Dorothy et al. (17) evaluated traffic operational measures to study the differences in the performance of MUTITs compared to the conventional TWLTLs. The TRAF-NETSIM model was used to simulate these situations for 1-hour periods. The simulated network had signals every 0.8 km (0.5 mi) with the directional crossovers every 0.4 km (0.25 mi). A 60/40 split between the entering volumes on major road and cross street was assumed. When turning percentages were low, the crossovers were modeled as STOP-controlled; with higher volumes, signal control was assumed in the model. The signal cycle was 80 seconds with a 60/40 distribution of green time for the major road phase and cross-street phase, respectively. The median width varied from 12.2 to 30.5 m (40 to 100 ft). The key findings were:

  • When the left-turning traffic percentage was 10 percent, MUTITs with signalized directional crossovers had lower left-turn total travel times than conventional intersections. The differences were 20 seconds/vehicle, 40 seconds/vehicle and 150 seconds/vehicle at 30 percent, 50 percent and 70 percent mainline saturation, respectively. Similarly, MUTITs with signalized directional crossovers had lower left-turn total travel times than conventional intersections when the left-turning traffic percentage was 25 percent. The differences were 20, 30, and 70 seconds/vehicle at 30 percent, 70 percent, and 90 percent mainline saturation, respectively.
  • The MUTITs provided consistently lower network travel times compared to the five-lane TWLTL design.
  • For low left-turning percentages, the directional median crossovers with stop control had approximately the same left turn total time and network total time, as compared to directional medians with signalized crossovers.
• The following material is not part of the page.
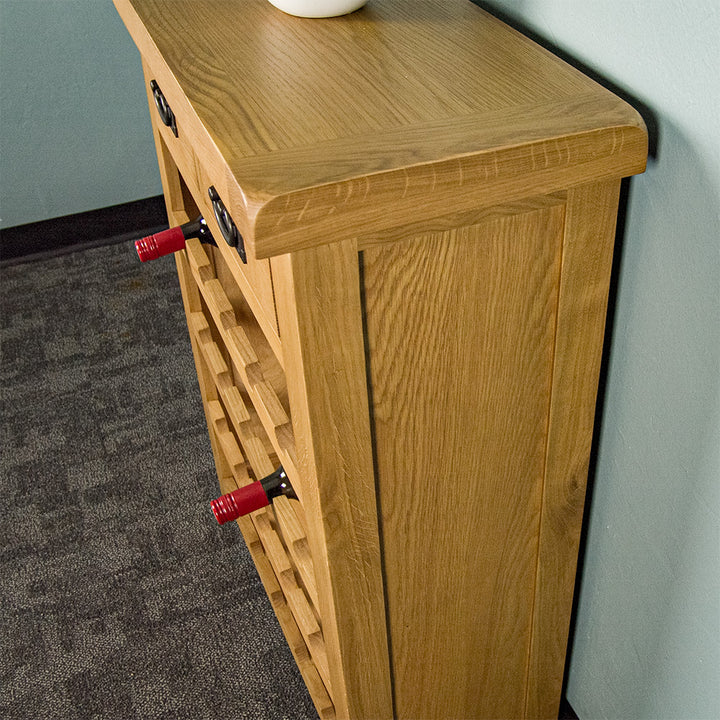 Queensland Oak Wine Rack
Topp and Hummer (18) compared median crossovers on the cross street with median crossovers on the arterial highway for MUTITs using CORSIM. The left-turning volumes on the major road varied from 100 vph to 400 vph, the through volumes on the major road varied from 1,000 vph to 2,000 vph, the left turns on the cross street varied from 50 vph to 200 vph, and the through volumes on the cross street varied from 500 vph to 1,000 vph. The median crossovers were signalized wherever warranted. Results showed that the MUTIT design with the U-turn movement located along the cross street reduced percent stops, total travel time, and delay for most of the volume combinations analyzed in comparison to the crossover on the arterial.
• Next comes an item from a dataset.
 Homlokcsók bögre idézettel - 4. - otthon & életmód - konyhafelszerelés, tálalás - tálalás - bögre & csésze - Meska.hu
Savage (19) studied the conversion of five-lane roadway with a TWLTL to a MUTIT in Michigan and found a 20 to 50 percent increase in the corridor capacity. Koepke et al. (20) found that the directional crossover design provides about 14 to 18 percent more capacity than the conventional dual left-turn lane designs. The results of critical lane volume analyses, after taking into account overlapping traffic movements, revealed reductions of about 7 to 17 percent in critical lane volumes, depending upon the number of arterial lanes (six or eight) and the traffic mix. Lower critical lane volumes translate into higher traffic flow capacity at the intersection. A study by Stover (21) computed critical lane volumes for the intersection of two six-lane, arterial roads. The effects of redirecting left turns were computed using these volumes. The provision of dual left-turn lanes on all approaches reduces critical lane volumes by 12 percent compared to providing single left-turn lanes but still requires multiphase traffic signal controls. The rerouting of left turns via directional crossovers and their prohibition at the main intersection reduces critical lane volumes by 17 percent.
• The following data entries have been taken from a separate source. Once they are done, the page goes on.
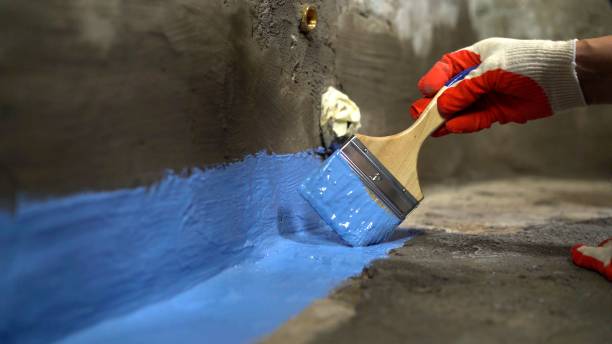 Commercial Basement Waterproofing project at a Highland, IL business property by SJ Waterproofing Pros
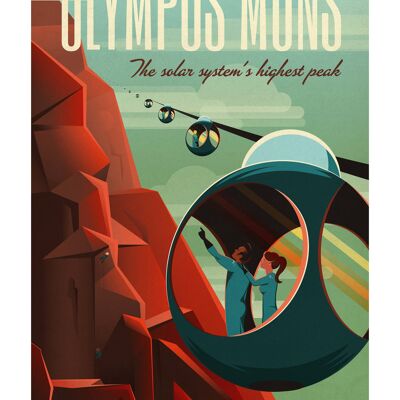 Poster 50x70 Space X Olympus Mons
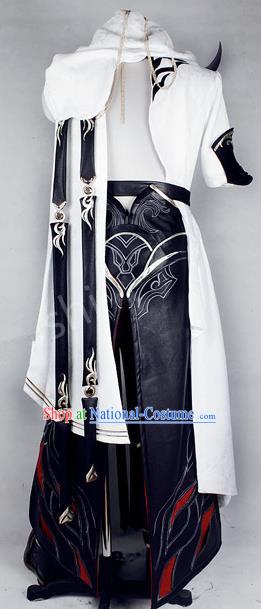 Chinese Ancient Cosplay Costumes Chinese Traditional Embroidered Clothes Ancient Chinese Cosplay Swordsman Knight Costume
Overall, the literature shows that reducing signal phases and redirecting the left-turning movement at the intersection for the MUTIT provided significant benefits in terms of increased roadway capacity and reductions in travel time and vehicular delay when compared to conventional intersections.

Traffic Safety Performance

Table 2 from the FHWA Signalized Intersections: Informational Guide (22) shows the number of conflict points at a four-leg signalized intersection as compared to the MUTIT. The MUTIT eliminates all crossing (left turn) conflict points and reduces the number of merge/diverge conflict points as compared to a four-leg signalized intersection. Figure 15 shows the conflict point diagram for a MUTIT.

Observations indicated a 60 percent reduction in total crash frequencies and 75 percent reduction in total injuries. Reductions of 17 percent, 96 percent, and 61 percent were observed for rear-end crashes, angle crashes, and side-swipe crashes, respectively.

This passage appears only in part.